The new group covers the full breadth of evolutionary ecology. Our specific areas of expertise include fisheries-induced evolution, behavioural ecology in fish, evolutionary parasitology, and plant-animal interactions. We have strong traditions in biostatistics, modelling, and experimentation. Specifically, we have a good deal of activity based on our experimental systems with guppy, Daphnia, and salmon lice.

Our group has a healthy demographic structure.
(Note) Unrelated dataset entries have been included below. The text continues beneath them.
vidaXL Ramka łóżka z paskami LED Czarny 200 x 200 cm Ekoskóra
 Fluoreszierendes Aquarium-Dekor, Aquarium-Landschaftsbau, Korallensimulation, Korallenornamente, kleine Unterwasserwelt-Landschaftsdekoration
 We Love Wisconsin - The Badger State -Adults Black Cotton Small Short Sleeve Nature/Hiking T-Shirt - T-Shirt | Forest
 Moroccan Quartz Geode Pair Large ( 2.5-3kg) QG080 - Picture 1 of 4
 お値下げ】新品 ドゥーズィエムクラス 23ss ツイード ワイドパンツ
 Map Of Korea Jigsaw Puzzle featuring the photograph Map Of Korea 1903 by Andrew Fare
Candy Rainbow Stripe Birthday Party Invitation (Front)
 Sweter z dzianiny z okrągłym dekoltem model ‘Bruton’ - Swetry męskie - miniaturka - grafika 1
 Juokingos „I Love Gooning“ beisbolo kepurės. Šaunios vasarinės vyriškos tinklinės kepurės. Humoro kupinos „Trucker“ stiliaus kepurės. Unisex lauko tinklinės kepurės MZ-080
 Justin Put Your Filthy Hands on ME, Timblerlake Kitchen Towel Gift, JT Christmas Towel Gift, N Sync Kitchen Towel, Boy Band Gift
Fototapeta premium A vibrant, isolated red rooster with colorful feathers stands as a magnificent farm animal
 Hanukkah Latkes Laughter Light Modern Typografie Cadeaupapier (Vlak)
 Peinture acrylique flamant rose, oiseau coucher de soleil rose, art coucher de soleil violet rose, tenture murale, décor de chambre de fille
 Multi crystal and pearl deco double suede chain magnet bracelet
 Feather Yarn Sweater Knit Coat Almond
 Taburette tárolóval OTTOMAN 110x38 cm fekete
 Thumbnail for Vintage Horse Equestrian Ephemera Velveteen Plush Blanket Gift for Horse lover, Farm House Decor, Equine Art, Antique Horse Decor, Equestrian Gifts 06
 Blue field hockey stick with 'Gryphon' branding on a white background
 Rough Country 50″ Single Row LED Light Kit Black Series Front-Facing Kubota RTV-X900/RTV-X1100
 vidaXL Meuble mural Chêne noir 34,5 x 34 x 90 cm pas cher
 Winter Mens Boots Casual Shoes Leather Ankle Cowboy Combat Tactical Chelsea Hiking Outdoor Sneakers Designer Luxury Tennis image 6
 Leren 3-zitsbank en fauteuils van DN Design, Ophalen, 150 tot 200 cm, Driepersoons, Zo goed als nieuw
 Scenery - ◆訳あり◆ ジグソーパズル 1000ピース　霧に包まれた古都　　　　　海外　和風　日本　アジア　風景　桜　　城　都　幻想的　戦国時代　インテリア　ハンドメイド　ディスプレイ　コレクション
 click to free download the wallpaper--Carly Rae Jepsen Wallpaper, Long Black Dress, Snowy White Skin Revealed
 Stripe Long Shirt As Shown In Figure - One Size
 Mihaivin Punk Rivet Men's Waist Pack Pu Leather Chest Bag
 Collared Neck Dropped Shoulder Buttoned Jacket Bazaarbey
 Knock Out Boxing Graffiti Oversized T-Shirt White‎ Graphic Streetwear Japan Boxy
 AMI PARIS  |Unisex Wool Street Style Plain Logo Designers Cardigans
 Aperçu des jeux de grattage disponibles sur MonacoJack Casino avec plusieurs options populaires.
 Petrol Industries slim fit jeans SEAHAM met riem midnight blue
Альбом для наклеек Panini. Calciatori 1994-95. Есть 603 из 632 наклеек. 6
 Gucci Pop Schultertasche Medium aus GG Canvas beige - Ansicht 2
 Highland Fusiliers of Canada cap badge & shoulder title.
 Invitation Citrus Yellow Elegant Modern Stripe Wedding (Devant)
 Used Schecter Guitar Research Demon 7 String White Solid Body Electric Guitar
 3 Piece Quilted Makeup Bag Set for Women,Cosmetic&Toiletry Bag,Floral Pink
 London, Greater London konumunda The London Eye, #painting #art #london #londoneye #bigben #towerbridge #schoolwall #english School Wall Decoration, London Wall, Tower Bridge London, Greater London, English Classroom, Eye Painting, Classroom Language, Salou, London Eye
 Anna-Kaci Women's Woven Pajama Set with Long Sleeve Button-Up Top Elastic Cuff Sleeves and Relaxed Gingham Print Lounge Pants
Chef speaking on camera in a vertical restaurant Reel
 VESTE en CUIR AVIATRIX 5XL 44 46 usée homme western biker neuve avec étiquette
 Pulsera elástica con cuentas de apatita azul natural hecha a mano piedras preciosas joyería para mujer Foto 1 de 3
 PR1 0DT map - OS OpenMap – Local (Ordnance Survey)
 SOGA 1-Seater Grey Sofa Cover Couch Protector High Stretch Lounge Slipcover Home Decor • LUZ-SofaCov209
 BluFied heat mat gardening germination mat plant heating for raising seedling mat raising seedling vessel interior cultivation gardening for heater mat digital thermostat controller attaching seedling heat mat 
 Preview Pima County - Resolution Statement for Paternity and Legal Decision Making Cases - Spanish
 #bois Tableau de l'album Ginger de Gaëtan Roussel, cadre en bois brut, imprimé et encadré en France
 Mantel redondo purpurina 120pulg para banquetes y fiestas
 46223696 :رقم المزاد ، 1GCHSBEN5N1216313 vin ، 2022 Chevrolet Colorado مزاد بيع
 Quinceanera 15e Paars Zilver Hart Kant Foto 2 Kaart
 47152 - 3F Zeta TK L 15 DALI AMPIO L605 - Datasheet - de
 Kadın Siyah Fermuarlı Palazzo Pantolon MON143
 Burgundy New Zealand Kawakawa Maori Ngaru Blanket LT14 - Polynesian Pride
We have three new master's students and are full of ideas for new master's projects, be they field- or lab-based or modelling/statistics oriented ones! We are three PhD students, two technicians, three postdocs/early-career scientists, and five established scientists (see here).

The Evolutionary Ecology group contributes to teaching at BIO at various levels. The courses where we are heavily involved include Organismal Biology 2 (BIO102), Evolutionary Biology (BIO210), General Parasitology (BIO220), Fisheries Ecology (BIO240), General Behavioural Ecology (BIO241), Biological Data Analysis and Research Design (BIO300), Current Topics in Biodiversity, Evolution and Ecology (BIO301), Methods for Marine Sciences (BIO310), and Fisheries Management (BIO331).

You can find us on the 2nd and 3rd floors of Biologen B. A good opportunity to meet several EvoFishers at one go is the 10am coffee break on the 2nd floor!